## Assignment
Print, with no pictures, the exact lines that run from the one containing "Mid-Century Modern 1976" through the last line of the material below, both ends included.

START Exercise inputs

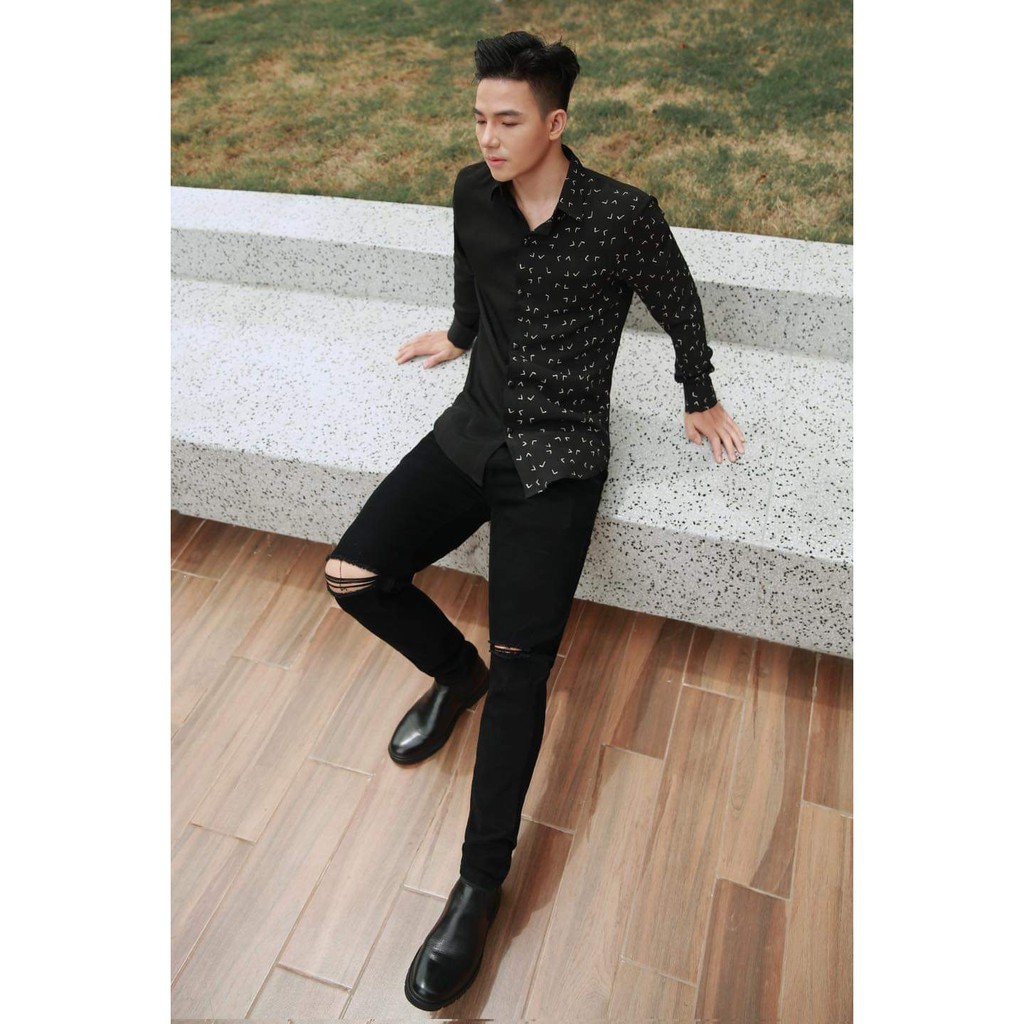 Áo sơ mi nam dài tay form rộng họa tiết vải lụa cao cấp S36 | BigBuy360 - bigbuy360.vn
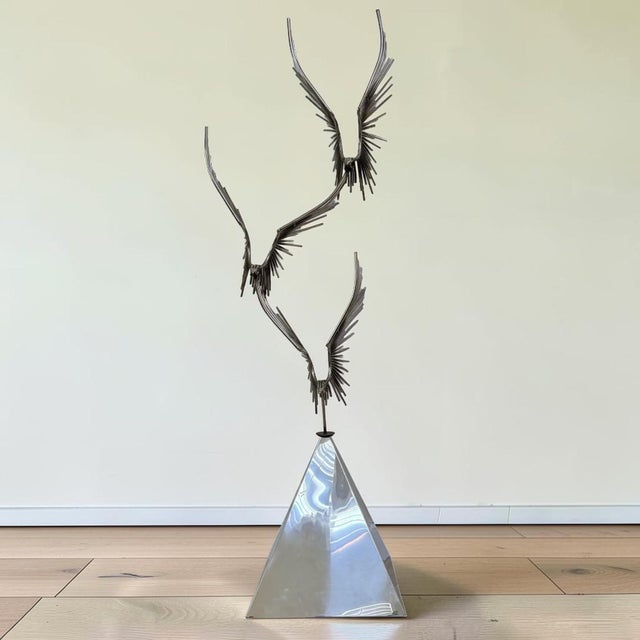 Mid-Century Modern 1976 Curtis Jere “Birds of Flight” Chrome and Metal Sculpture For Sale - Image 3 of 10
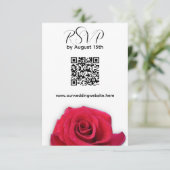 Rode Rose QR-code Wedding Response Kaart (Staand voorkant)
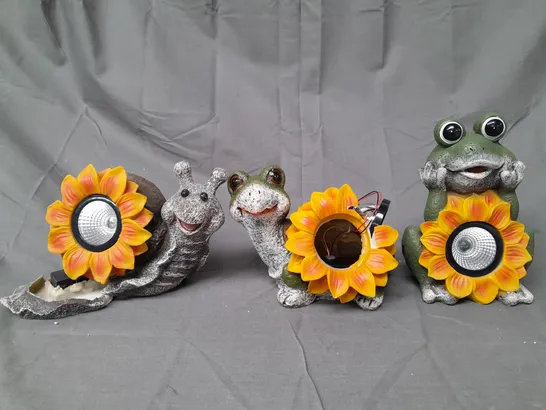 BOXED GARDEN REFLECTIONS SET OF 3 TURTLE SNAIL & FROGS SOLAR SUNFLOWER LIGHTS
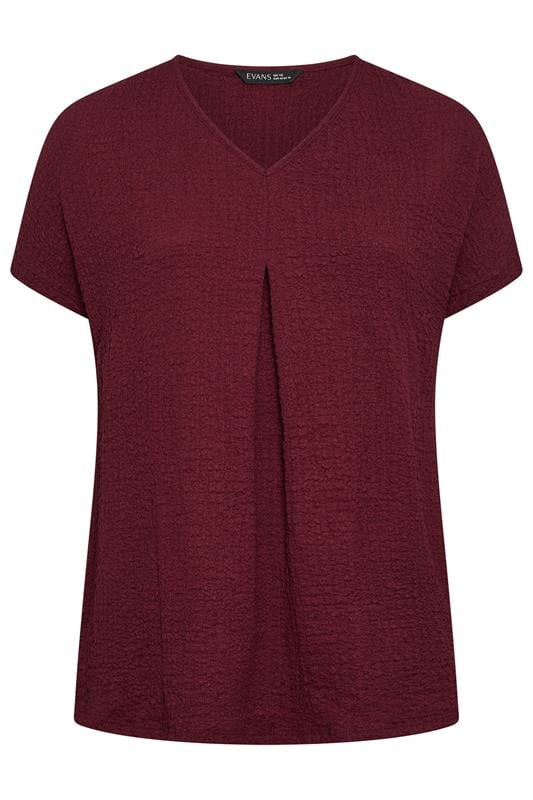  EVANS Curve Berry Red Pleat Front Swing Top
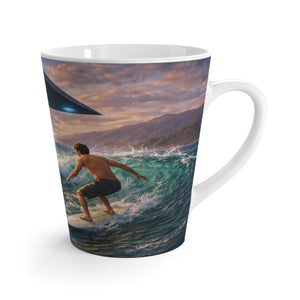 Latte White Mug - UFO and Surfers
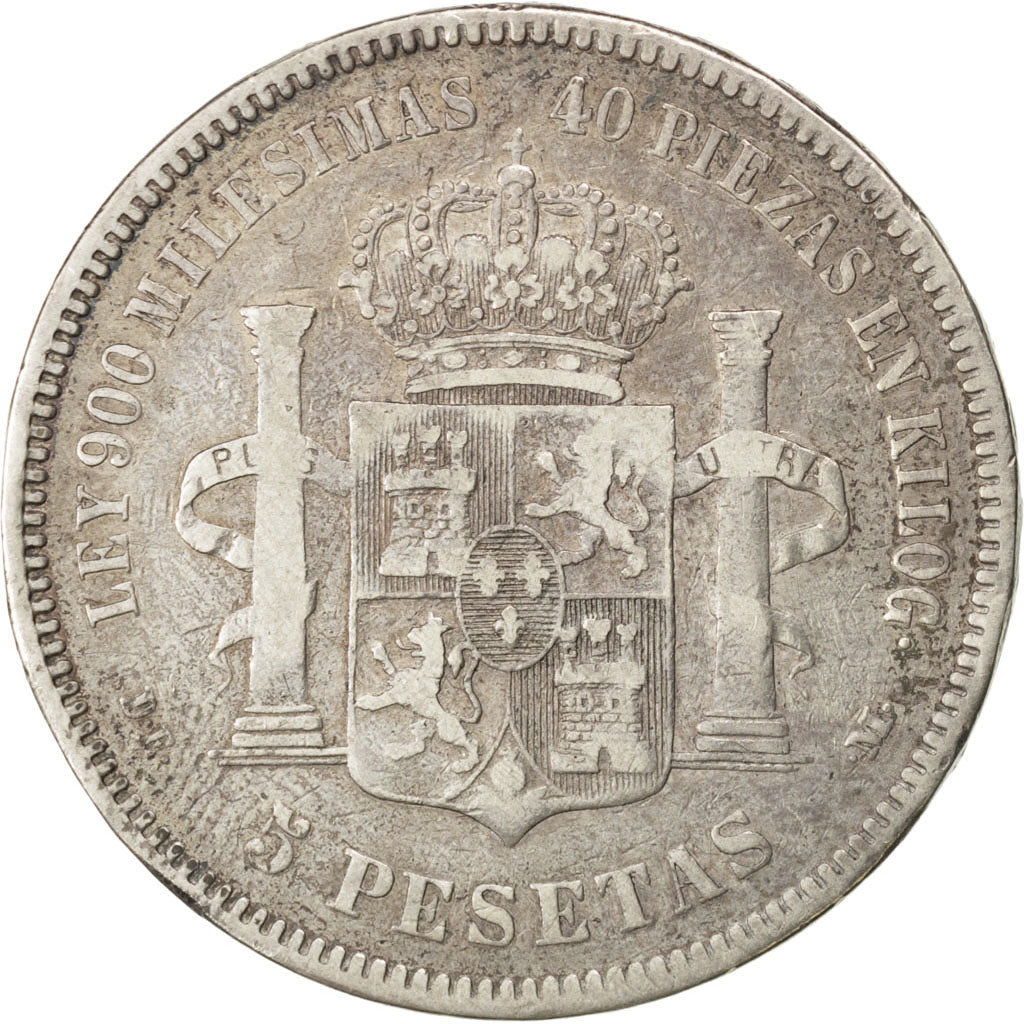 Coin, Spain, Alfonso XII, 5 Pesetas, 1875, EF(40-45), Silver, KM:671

END Exercise inputs

## Task response
 Mid-Century Modern 1976 Curtis Jere “Birds of Flight” Chrome and Metal Sculpture For Sale - Image 3 of 10
 Rode Rose QR-code Wedding Response Kaart (Staand voorkant)
 BOXED GARDEN REFLECTIONS SET OF 3 TURTLE SNAIL & FROGS SOLAR SUNFLOWER LIGHTS
  EVANS Curve Berry Red Pleat Front Swing Top
 Latte White Mug - UFO and Surfers
 Coin, Spain, Alfonso XII, 5 Pesetas, 1875, EF(40-45), Silver, KM:671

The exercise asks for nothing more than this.